O ruivo parou no lugar. Aquilo estava saindo de seu controle! Seria o começo de uma obsessão? Estava acostumado a ser assediado, porém não a tal ponto. Era melhor cortar logo de uma vez.

Encarou o desconhecido moreno, colocou um sorriso sacana no rosto e lançou:

– Nós podemos tirar um som. Mas você tem que me deixar te comer depois.

Riu. A proposta era indecente. Os dois resultados possíveis eram interessantes: o rapaz podia se ofender e ir embora ou podia aceitar e dar uma noite daquelas pra Takeo.

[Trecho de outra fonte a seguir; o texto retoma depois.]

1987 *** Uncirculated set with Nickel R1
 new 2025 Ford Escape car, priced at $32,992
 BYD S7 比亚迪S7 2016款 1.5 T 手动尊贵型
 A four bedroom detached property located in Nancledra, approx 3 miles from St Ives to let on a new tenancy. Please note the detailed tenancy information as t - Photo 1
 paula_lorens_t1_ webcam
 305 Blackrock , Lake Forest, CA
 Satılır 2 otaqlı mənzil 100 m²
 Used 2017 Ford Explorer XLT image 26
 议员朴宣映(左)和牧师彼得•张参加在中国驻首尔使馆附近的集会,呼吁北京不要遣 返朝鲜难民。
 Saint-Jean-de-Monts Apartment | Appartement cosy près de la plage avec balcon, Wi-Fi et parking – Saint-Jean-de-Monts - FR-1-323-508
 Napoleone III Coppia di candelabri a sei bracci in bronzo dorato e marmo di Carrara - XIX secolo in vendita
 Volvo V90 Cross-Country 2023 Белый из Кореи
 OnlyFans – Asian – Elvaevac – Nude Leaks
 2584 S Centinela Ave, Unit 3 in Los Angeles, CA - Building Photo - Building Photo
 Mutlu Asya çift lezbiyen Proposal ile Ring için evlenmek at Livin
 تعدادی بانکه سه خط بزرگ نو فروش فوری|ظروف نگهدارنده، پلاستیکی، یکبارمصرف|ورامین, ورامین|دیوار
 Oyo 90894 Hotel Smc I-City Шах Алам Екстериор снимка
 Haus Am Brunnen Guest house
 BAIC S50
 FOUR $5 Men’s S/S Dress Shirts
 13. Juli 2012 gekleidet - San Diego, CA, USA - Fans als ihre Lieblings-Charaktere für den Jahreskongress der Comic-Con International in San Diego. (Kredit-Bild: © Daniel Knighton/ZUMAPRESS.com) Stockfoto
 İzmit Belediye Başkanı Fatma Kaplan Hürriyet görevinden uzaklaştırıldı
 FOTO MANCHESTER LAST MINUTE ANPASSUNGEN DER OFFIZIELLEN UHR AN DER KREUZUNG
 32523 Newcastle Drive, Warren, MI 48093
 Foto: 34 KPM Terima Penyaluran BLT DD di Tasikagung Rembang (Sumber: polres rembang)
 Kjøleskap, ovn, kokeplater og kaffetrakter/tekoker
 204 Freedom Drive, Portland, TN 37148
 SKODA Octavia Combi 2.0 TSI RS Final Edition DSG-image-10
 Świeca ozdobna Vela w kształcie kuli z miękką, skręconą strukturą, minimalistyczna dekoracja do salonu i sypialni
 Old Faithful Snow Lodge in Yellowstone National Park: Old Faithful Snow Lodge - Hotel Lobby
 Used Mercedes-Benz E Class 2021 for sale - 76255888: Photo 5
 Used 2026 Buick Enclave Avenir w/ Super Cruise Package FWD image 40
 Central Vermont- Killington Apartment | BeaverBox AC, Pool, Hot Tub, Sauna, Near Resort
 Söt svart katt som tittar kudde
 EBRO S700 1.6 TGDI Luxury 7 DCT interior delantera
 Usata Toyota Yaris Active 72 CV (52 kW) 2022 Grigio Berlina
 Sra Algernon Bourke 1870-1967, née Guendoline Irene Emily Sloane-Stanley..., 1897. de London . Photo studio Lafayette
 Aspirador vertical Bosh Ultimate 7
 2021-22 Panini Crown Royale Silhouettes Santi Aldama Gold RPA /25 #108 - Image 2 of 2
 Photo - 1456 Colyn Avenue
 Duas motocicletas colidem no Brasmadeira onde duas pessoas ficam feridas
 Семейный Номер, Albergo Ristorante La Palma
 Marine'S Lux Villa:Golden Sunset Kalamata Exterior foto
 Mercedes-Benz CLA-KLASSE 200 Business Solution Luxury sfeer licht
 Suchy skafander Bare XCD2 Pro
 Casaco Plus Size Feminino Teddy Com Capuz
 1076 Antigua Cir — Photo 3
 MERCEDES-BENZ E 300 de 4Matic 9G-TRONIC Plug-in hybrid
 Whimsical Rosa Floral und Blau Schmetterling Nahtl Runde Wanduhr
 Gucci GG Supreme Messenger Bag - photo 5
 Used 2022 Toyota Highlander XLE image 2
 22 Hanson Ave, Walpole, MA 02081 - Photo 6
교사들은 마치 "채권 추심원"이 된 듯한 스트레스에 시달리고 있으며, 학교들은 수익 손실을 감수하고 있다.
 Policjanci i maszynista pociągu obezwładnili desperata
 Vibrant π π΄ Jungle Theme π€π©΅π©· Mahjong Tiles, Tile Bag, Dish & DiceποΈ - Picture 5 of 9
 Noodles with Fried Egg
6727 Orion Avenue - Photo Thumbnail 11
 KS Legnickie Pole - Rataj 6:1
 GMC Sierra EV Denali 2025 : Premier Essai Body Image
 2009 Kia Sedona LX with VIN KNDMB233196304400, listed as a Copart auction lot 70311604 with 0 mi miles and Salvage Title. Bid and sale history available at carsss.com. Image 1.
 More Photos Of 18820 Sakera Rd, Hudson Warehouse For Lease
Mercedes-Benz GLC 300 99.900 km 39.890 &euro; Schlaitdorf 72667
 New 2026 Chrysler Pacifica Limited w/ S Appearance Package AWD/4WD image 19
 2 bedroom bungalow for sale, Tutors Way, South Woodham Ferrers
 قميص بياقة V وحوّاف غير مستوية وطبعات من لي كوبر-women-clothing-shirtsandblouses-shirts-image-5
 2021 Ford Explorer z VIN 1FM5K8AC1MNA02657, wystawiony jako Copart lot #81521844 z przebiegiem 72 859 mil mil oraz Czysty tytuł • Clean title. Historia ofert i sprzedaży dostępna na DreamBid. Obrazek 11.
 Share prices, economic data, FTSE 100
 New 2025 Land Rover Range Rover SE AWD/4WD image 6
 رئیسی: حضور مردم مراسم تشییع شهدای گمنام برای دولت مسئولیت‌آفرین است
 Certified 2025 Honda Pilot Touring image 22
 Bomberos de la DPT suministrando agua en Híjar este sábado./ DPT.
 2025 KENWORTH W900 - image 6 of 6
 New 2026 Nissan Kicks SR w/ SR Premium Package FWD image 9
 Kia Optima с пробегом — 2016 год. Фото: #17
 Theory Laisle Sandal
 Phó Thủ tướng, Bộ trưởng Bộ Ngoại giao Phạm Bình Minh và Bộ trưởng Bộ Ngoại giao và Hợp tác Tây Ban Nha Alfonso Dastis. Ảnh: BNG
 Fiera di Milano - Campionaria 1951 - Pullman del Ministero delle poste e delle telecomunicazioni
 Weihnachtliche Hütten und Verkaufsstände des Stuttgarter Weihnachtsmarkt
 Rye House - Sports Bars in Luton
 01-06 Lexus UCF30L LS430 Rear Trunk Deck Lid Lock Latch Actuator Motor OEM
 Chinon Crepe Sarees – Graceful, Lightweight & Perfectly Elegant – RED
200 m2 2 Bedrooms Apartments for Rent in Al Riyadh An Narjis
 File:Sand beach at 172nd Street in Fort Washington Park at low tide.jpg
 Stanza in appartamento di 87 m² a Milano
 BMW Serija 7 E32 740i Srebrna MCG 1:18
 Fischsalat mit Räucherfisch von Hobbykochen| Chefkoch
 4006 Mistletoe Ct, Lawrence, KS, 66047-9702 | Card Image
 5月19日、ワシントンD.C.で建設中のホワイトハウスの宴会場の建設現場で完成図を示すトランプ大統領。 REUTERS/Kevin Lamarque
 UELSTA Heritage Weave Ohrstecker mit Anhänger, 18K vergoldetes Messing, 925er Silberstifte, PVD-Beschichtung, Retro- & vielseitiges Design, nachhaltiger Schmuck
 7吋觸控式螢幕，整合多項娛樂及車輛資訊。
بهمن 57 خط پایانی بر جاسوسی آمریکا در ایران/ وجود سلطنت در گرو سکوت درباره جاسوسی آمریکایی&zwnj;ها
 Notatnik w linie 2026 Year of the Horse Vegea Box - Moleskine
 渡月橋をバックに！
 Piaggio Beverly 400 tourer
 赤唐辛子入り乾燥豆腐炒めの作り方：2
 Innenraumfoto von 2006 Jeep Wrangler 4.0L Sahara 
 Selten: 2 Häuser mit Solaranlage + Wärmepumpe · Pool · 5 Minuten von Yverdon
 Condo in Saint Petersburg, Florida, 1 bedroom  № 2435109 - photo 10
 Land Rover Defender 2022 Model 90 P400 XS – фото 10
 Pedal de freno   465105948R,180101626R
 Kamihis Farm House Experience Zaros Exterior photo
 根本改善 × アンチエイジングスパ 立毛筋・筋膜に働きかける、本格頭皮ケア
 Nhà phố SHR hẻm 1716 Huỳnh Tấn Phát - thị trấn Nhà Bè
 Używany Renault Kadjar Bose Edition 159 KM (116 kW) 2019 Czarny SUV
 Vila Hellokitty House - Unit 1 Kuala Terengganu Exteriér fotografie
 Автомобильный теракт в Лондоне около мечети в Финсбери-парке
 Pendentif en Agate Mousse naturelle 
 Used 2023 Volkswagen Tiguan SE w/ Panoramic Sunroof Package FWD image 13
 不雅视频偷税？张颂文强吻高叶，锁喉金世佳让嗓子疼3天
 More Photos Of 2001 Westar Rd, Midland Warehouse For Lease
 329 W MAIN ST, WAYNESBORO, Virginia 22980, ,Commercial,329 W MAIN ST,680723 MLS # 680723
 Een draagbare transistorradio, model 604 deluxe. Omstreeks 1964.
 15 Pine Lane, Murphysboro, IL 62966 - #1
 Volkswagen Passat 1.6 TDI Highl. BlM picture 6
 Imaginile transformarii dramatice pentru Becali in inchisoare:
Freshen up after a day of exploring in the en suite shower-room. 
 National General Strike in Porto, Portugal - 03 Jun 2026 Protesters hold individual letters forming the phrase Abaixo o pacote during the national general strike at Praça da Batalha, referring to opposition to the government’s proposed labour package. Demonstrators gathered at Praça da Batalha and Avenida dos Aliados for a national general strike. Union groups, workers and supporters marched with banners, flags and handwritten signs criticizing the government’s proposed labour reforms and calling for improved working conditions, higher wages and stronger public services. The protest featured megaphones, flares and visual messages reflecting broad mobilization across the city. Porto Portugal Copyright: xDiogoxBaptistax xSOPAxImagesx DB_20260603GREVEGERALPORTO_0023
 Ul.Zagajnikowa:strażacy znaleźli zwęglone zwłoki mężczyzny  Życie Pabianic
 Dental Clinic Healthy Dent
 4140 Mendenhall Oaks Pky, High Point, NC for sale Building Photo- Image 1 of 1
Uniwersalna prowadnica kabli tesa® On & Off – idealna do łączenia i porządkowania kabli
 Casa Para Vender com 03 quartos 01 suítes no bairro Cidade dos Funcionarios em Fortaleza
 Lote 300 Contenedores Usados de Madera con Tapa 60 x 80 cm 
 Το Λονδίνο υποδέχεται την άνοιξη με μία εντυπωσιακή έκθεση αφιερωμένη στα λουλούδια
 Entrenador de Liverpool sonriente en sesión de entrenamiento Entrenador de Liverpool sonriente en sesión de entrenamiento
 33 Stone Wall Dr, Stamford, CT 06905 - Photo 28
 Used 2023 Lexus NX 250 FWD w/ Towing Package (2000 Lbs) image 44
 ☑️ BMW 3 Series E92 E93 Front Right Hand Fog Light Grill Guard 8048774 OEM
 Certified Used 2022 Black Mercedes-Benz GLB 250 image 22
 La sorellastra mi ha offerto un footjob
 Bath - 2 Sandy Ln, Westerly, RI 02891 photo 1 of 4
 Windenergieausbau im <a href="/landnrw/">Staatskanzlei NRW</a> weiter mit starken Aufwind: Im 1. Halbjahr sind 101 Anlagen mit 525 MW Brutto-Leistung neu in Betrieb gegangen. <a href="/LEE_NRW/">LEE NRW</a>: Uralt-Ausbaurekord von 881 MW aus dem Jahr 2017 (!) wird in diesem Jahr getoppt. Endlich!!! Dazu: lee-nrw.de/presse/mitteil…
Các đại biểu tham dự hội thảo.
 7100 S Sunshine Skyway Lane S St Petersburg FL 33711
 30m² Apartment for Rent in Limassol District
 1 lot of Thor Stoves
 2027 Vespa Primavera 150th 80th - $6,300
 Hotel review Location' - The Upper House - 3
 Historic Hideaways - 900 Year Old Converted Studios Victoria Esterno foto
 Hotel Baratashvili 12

– O... que?! – a ficha demorou um pouco a cair. O rosto subitamente pálido fez Shiroyama compreender que a primeira hipótese era mais acertada. Viu ali a chance de se livrar dele de uma vez e não pensou duas vezes antes de dar o golpe de misericórdia:

– É. – insistiu – Nada é de graça, garoto. Topa?

As mãos esguias apertaram a alça do estojo com mais força:

– Você entendeu errado...

– Então esqueça. Nós nunca vamos tocar juntos. Adeus.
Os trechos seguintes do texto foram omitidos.